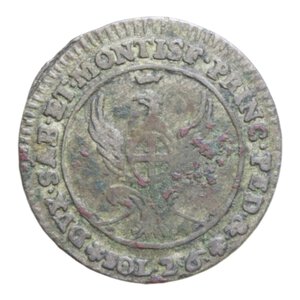 reverse: CARLO EMANUELE III (1730-1773) 2,6 SOLDI 1756 NC MI. 2,37 GR. MIR. 951B MB-BB/qBB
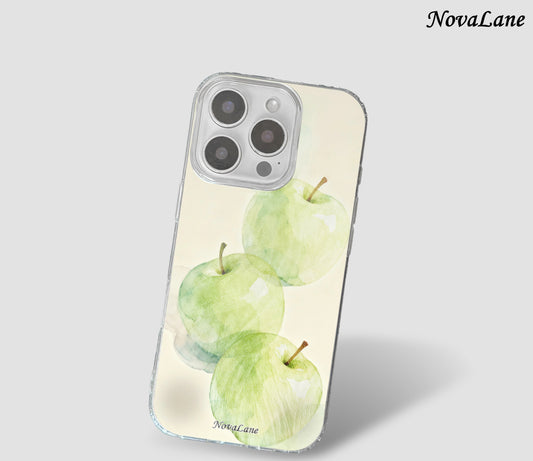 グリーンアップルフルーツシャイニングスマホケースカバー
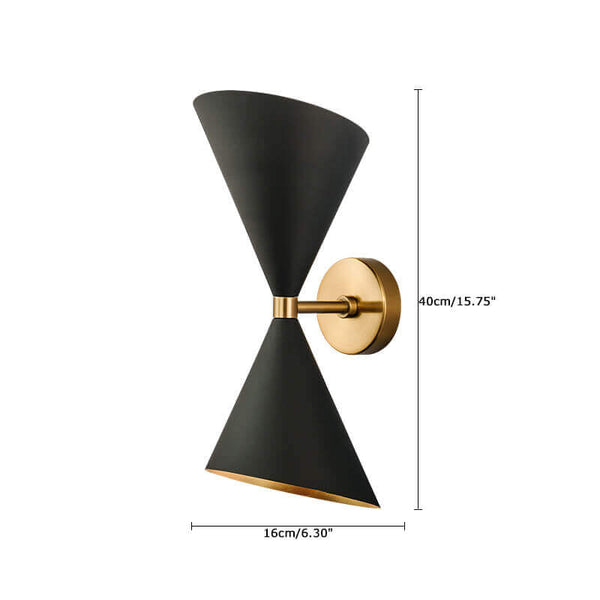 Thehouselights-Mid-Century Modern Hourglass Black Mounted Wall Sconce Lighting-Wall Lights--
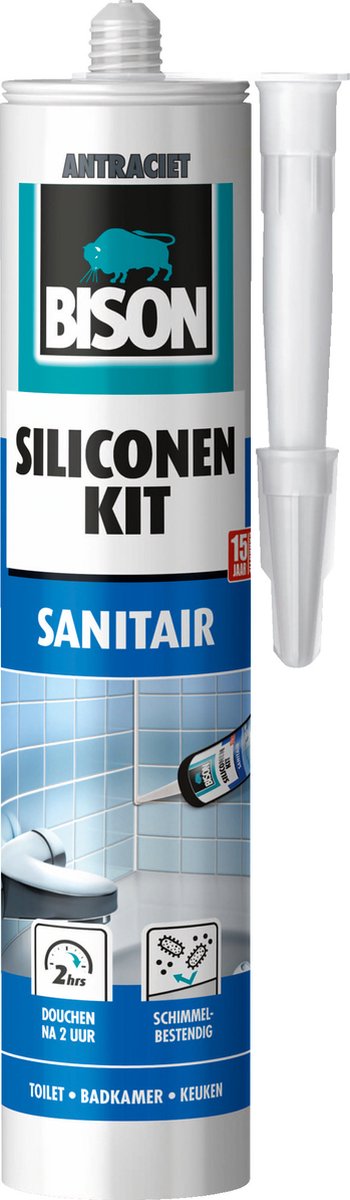 Bison sellador de silicona antracita tubo 300 ml - sellador resistente al agua, sellado sanitario, resistente al moho, no destiñe, elástico permanentemente, fácil de aplicar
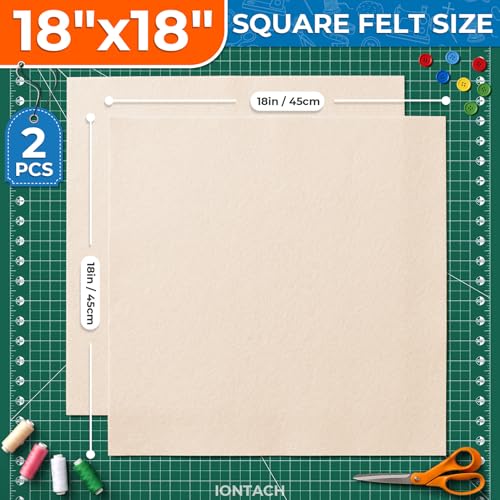 IONTACH 18" X 18" Soft Felt Sheets 1.6mm Thick (2 Packs, Apricot Nude) - color: Apricot Nude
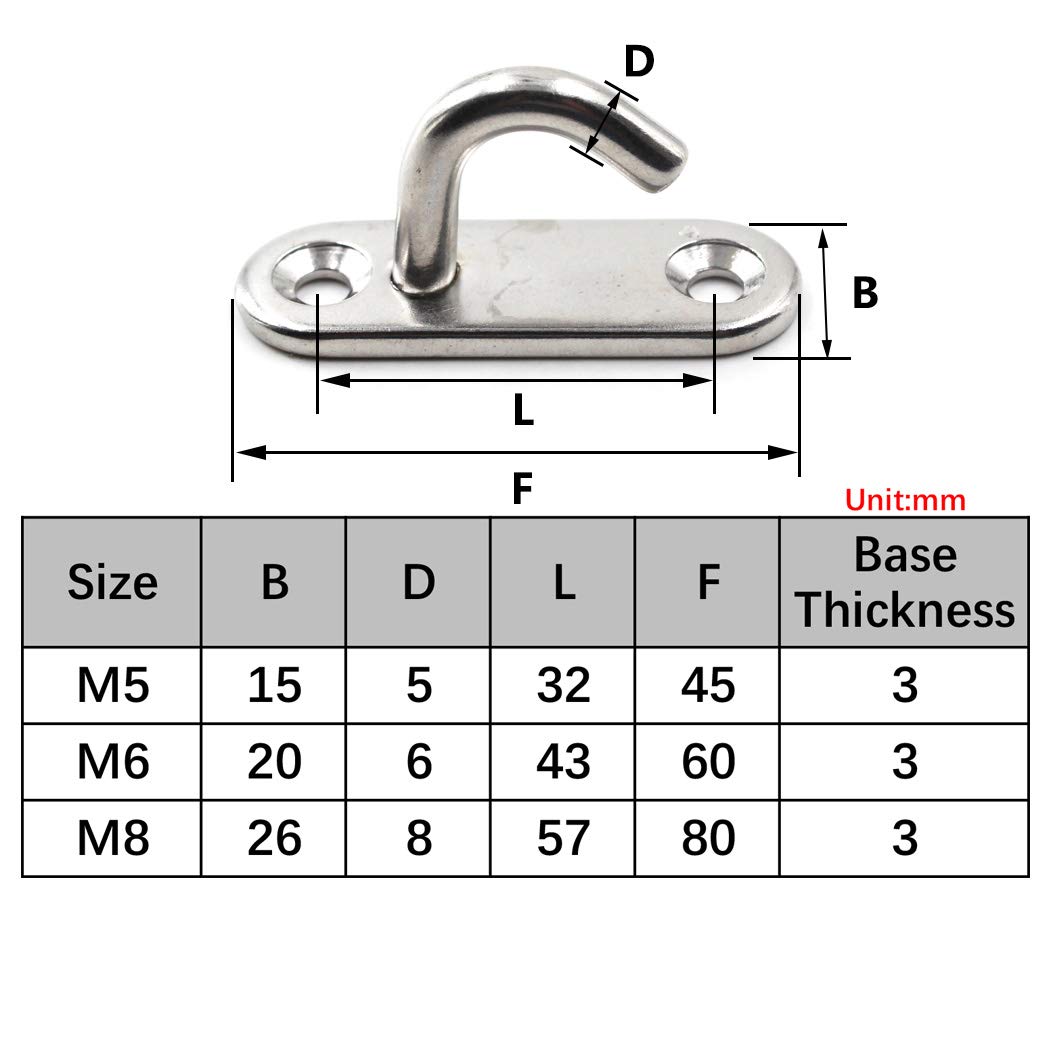 Ganci Da Soffitto In Acciaio Inox M5 - 6 Pezzi Con Viti, Per Amaca, Yoga, Tendaggi - Foto 11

▶ TASK OBJECTIVE:
Output the whole listing exactly. Pictures stay out.

▶ ANSWER BOX:
 reverse: CARLO EMANUELE III (1730-1773) 2,6 SOLDI 1756 NC MI. 2,37 GR. MIR. 951B MB-BB/qBB
 グリーンアップルフルーツシャイニングスマホケースカバー
 Thehouselights-Mid-Century Modern Hourglass Black Mounted Wall Sconce Lighting-Wall Lights--
 Bison sellador de silicona antracita tubo 300 ml - sellador resistente al agua, sellado sanitario, resistente al moho, no destiñe, elástico permanentemente, fácil de aplicar
 IONTACH 18" X 18" Soft Felt Sheets 1.6mm Thick (2 Packs, Apricot Nude) - color: Apricot Nude
 Ganci Da Soffitto In Acciaio Inox M5 - 6 Pezzi Con Viti, Per Amaca, Yoga, Tendaggi - Foto 11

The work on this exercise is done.